“CODICE PER UNA NUOVA EUROPA”, LA PROVINCIA DI LATINA ALL’INCONTRO DELL’ISTITUTO SPINELLI

“Codice per una Nuova Europa”, la Provincia di Latina presente all’incontro promosso dall’Istituto Spinelli

Si è svolto oggi, presso la Curia Vescovile – Sala San Tommaso di Latina, l’incontro di riflessione dal titolo “Codice per una Nuova Europa”, promosso dall’Istituto di Studi Federalisti Altiero Spinelli in collaborazione con la Diocesi di Latina-Terracina-Sezze-Priverno.

All’iniziativa ha preso parte la Provincia di Latina con l’intervento del presidente Federico Carnevale, che ha portato il saluto istituzionale dell’Ente, sottolineando il valore strategico del confronto sui temi europei in una fase storica particolarmente complessa.

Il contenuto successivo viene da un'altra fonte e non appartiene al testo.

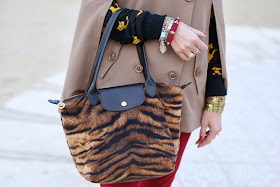 Longchamp Le Pliage tigre bag, Fashion and Cookies, fashion blogger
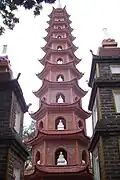 The pagoda of Trấn Quốc Pagoda, c. 1615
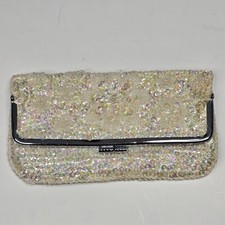 Vintage Sequin  Beaded Clutch White Iridescent Floral Evening Cocktail Wedding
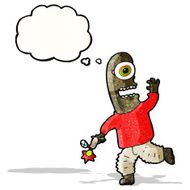 cartoon mutant man with thought bubble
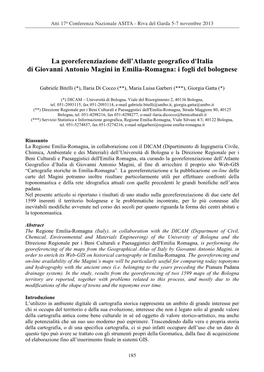 La Georeferenziazione Dell'atlante Geografico D'italia Di Giovanni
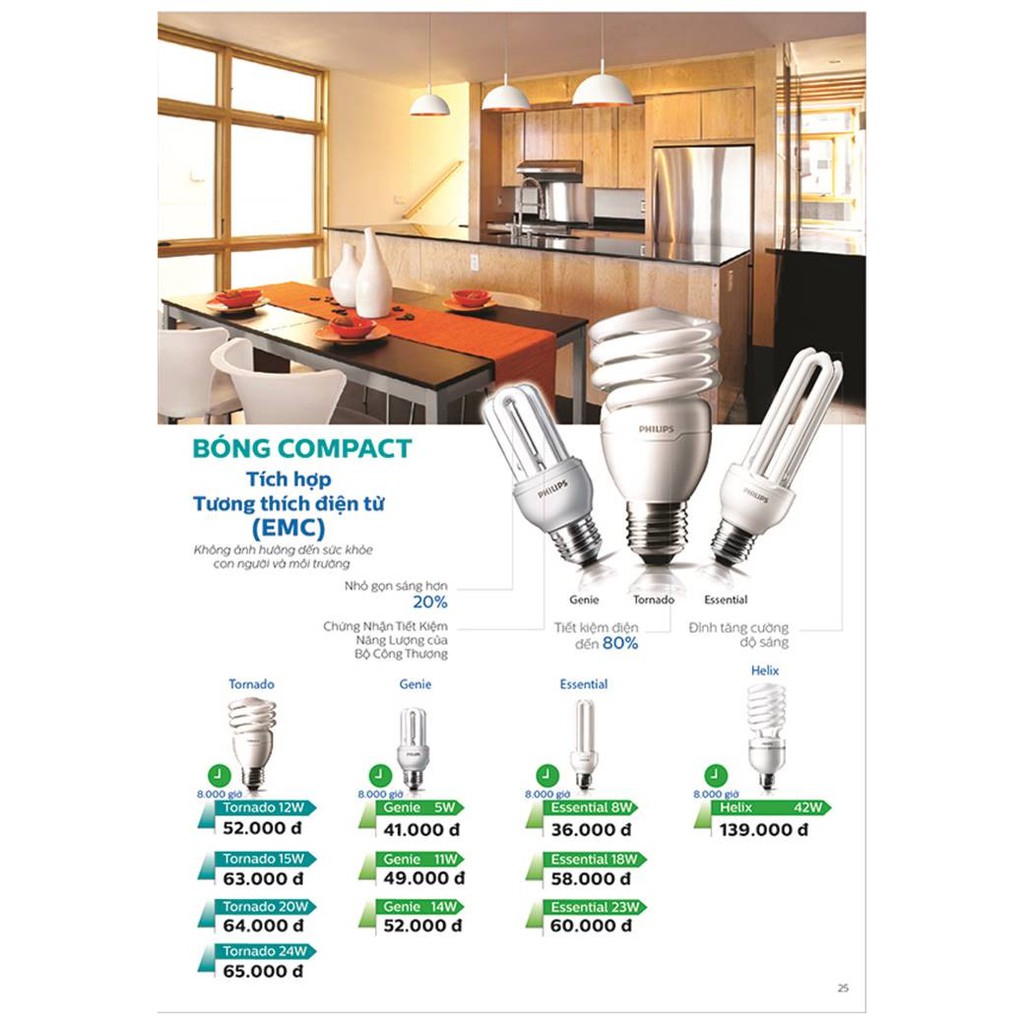 BÓNG ĐÈN COMPACT CFL 3U-14W E27 PHILIPS CHÍNH HÃNG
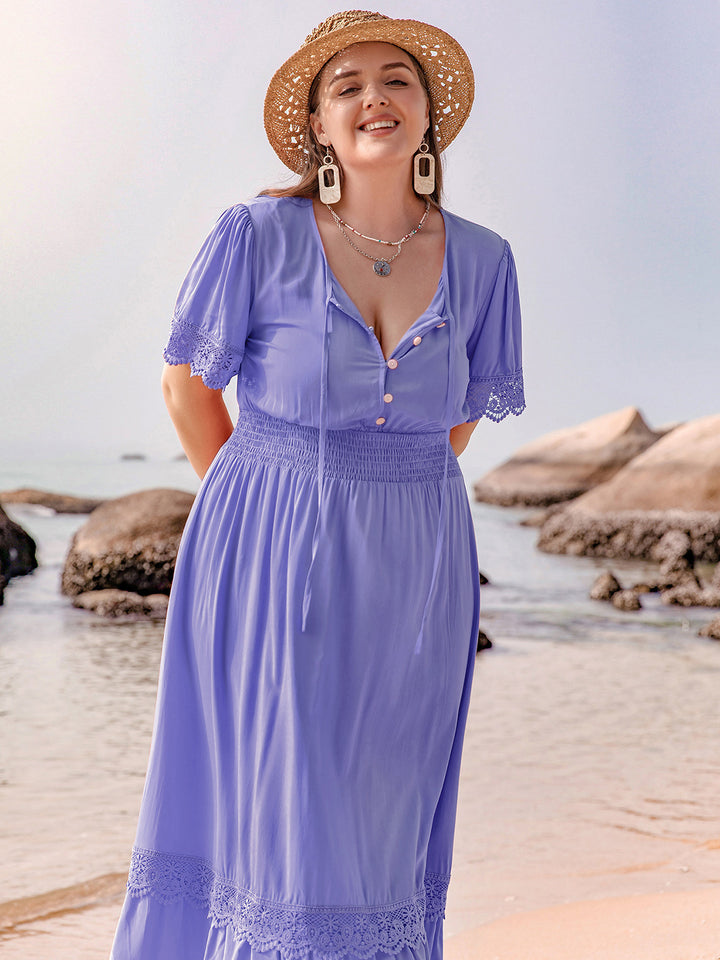 Plus Size Lace Detail Tie Neck Short Sleeve Maxi Dress | Trendsi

Nel suo intervento, il presidente ha evidenziato come l’Europa stia attraversando un passaggio cruciale, segnato da sfide geopolitiche, economiche e sociali che richiedono una rinnovata capacità di visione e coesione. In questo contesto, il percorso avviato attorno alla proposta di un “Codice per una Nuova Europa” rappresenta un’importante occasione di riflessione sui principi fondanti della convivenza europea, sul modello di sviluppo futuro e sul ruolo delle istituzioni.

Carnevale ha inoltre espresso il ringraziamento della Provincia all’Istituto Spinelli, di cui l’Ente è socio fondatore, per l’impegno costante nella promozione del dibattito sui valori europei, sulla democrazia e sull’integrazione tra i popoli.

“È fondamentale – ha dichiarato il presidente – sostenere momenti di confronto come questo, capaci di mettere in dialogo istituzioni, mondo accademico e società civile. Solo attraverso il coinvolgimento attivo dei territori e delle nuove generazioni possiamo rafforzare una vera coscienza europea”.

Nel corso dell’incontro sono intervenuti, tra gli altri, Mons. Mariano Crociata, Luisa Trumellini e il prof. Sebastiano Nerozzi, offrendo contributi di alto profilo sui temi al centro del dibattito.

La Provincia di Latina ha ribadito il proprio impegno nel sostenere percorsi culturali e formativi che valorizzino il progetto europeo come spazio di pace, libertà e progresso, auspicando che iniziative come questa possano generare nuove sinergie e rafforzare la fiducia dei cittadini nelle istituzioni europee.